* [TASK]: Please print only the top portion of the entries below, ending with the line that contains "New Retro Full-Face", exactly as written.

SOURCE MATERIAL Block Start

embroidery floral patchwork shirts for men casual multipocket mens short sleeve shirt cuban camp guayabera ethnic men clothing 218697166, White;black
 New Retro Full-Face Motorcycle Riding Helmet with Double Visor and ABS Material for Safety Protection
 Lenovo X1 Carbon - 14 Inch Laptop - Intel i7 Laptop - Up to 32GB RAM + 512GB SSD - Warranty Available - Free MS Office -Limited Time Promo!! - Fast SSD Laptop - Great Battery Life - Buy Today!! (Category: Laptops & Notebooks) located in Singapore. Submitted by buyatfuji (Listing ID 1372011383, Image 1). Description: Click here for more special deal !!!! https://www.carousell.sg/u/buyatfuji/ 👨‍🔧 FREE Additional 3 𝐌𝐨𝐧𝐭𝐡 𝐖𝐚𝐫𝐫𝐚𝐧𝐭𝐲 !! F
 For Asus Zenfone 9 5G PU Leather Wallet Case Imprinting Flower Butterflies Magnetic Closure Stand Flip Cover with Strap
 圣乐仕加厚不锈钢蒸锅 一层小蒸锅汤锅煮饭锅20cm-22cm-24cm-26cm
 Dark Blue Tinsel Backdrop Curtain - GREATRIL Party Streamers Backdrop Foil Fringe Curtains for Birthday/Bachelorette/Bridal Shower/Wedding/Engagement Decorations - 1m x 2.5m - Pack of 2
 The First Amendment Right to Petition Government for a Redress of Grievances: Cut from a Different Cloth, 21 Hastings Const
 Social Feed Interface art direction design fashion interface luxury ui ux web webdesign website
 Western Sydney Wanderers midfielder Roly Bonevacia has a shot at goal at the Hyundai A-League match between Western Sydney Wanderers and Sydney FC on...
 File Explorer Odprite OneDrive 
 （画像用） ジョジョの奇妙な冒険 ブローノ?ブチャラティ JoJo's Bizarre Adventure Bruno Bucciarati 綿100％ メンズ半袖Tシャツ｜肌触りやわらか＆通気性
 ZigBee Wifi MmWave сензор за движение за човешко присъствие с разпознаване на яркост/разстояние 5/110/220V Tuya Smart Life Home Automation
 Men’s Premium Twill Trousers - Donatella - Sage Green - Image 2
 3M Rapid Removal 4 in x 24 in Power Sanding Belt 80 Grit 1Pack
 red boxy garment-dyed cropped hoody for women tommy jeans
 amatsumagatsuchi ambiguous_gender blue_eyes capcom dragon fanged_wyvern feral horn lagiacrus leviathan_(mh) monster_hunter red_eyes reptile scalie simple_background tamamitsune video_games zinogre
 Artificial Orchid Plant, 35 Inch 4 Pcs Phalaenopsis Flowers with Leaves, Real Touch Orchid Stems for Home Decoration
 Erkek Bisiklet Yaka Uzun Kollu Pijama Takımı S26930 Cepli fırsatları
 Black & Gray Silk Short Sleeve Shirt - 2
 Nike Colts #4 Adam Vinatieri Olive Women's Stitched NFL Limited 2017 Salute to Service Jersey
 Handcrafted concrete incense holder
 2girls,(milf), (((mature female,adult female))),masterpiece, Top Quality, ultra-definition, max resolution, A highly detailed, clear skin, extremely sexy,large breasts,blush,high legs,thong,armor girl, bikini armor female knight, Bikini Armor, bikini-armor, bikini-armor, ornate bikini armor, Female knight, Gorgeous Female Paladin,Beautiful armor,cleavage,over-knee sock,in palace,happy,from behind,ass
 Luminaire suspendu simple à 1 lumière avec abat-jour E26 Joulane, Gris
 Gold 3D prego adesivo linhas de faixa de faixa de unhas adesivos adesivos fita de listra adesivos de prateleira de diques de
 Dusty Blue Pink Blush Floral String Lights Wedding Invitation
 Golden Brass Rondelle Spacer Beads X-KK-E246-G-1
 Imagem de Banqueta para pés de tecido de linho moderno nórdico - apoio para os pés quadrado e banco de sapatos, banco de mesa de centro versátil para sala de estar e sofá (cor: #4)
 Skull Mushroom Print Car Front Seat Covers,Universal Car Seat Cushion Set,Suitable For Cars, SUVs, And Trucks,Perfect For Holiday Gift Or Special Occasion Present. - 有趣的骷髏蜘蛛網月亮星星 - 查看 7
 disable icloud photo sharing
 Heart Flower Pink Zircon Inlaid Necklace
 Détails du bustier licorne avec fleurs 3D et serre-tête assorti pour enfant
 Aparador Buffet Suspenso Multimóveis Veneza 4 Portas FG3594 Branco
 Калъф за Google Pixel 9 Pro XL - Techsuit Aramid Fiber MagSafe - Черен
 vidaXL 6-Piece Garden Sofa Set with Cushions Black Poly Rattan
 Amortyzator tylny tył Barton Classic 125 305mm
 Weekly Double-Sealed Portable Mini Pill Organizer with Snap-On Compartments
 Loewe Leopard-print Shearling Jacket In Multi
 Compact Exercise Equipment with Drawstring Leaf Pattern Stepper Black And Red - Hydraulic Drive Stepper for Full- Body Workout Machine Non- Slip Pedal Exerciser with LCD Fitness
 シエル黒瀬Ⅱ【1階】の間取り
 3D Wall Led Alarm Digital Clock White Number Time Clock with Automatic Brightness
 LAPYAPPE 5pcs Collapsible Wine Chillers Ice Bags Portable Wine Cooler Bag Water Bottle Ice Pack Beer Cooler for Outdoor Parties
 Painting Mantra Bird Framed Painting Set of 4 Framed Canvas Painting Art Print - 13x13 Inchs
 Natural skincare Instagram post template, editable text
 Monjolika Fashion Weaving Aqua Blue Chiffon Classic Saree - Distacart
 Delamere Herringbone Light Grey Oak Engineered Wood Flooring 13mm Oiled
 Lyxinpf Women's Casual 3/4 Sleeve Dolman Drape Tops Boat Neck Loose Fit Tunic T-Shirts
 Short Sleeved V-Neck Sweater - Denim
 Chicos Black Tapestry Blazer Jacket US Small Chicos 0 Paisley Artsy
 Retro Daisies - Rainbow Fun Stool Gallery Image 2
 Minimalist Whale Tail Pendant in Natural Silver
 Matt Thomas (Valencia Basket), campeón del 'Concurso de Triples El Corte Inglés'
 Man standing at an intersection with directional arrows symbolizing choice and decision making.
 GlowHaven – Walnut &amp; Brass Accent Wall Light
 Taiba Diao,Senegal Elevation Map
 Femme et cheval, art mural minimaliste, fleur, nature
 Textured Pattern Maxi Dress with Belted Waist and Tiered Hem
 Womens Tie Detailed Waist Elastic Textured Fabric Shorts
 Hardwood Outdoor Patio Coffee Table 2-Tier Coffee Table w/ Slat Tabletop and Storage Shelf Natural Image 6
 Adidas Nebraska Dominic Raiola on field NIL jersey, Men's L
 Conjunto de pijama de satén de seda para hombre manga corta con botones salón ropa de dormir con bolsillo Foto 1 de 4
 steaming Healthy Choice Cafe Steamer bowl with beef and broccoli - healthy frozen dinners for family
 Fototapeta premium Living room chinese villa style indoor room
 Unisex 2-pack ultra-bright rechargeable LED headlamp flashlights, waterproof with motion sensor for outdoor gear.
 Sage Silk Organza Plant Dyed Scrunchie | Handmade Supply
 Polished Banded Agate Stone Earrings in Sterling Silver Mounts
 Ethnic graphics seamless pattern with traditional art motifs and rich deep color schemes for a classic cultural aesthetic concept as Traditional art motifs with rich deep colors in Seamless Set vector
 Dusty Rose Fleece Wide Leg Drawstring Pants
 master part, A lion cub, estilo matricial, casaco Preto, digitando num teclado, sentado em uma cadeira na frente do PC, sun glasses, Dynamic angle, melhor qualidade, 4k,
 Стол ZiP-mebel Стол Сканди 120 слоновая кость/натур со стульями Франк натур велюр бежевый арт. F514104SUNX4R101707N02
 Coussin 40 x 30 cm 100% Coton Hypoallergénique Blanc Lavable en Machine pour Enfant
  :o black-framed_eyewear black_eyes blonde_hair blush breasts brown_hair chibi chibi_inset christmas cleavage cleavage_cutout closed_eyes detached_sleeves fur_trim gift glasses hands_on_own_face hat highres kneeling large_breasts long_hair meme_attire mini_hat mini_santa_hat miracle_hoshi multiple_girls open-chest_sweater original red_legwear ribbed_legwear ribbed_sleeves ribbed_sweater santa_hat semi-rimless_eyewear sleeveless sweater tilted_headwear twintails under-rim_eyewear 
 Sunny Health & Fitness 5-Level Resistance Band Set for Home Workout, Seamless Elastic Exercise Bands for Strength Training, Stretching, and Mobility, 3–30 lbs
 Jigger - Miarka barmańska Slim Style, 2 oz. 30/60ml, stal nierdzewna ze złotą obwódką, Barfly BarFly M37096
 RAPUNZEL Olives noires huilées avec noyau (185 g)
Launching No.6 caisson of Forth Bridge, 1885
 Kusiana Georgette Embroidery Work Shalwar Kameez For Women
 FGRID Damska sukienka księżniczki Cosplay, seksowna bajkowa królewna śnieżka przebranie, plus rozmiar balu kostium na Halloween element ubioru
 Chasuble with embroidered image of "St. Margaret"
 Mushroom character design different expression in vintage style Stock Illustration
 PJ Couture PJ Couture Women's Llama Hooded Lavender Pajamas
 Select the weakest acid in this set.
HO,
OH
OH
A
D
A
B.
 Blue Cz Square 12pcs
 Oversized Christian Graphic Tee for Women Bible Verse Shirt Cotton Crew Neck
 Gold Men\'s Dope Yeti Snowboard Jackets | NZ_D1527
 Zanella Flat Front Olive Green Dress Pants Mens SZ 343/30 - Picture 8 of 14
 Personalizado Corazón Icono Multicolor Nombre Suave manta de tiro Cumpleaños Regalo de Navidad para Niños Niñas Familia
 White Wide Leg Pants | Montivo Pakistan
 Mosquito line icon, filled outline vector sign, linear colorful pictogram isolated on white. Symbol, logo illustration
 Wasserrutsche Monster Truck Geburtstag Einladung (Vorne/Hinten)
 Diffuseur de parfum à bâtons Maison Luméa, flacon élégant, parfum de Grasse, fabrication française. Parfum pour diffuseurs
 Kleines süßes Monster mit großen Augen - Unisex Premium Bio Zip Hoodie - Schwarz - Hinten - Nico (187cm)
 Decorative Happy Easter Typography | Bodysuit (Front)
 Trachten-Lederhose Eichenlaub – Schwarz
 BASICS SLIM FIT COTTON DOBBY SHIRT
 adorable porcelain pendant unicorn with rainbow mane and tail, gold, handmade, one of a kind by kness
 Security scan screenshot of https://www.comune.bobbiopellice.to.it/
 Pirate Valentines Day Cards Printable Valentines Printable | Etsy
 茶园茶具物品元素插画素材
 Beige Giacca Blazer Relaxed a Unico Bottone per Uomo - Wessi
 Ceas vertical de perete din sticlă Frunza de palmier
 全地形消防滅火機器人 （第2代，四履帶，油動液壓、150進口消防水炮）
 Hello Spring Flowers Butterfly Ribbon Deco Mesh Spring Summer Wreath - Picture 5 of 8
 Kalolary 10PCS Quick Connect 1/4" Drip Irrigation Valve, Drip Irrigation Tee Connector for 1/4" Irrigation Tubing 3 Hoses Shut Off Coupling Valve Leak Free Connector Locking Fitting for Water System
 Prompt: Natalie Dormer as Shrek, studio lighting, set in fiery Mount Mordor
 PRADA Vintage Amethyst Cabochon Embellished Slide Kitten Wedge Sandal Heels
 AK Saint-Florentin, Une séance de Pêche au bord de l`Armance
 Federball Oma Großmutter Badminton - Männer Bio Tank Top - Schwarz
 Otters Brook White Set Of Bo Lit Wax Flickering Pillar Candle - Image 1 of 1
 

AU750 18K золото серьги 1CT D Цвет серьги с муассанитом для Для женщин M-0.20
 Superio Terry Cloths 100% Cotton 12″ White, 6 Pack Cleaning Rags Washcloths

SOURCE MATERIAL Block End

* [RESULT]:
embroidery floral patchwork shirts for men casual multipocket mens short sleeve shirt cuban camp guayabera ethnic men clothing 218697166, White;black
 New Retro Full-Face Motorcycle Riding Helmet with Double Visor and ABS Material for Safety Protection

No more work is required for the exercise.